Each line from the one containing "Animals - ML641724350" through the final line below must be reproduced exactly, and no others.
Start of STORED DATA
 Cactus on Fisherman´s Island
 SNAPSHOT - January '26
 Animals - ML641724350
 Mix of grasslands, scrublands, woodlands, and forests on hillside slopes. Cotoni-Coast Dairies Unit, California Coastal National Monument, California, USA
End of STORED DATA
**SOLUTION BELOW:**
 Animals - ML641724350
 Mix of grasslands, scrublands, woodlands, and forests on hillside slopes. Cotoni-Coast Dairies Unit, California Coastal National Monument, California, USA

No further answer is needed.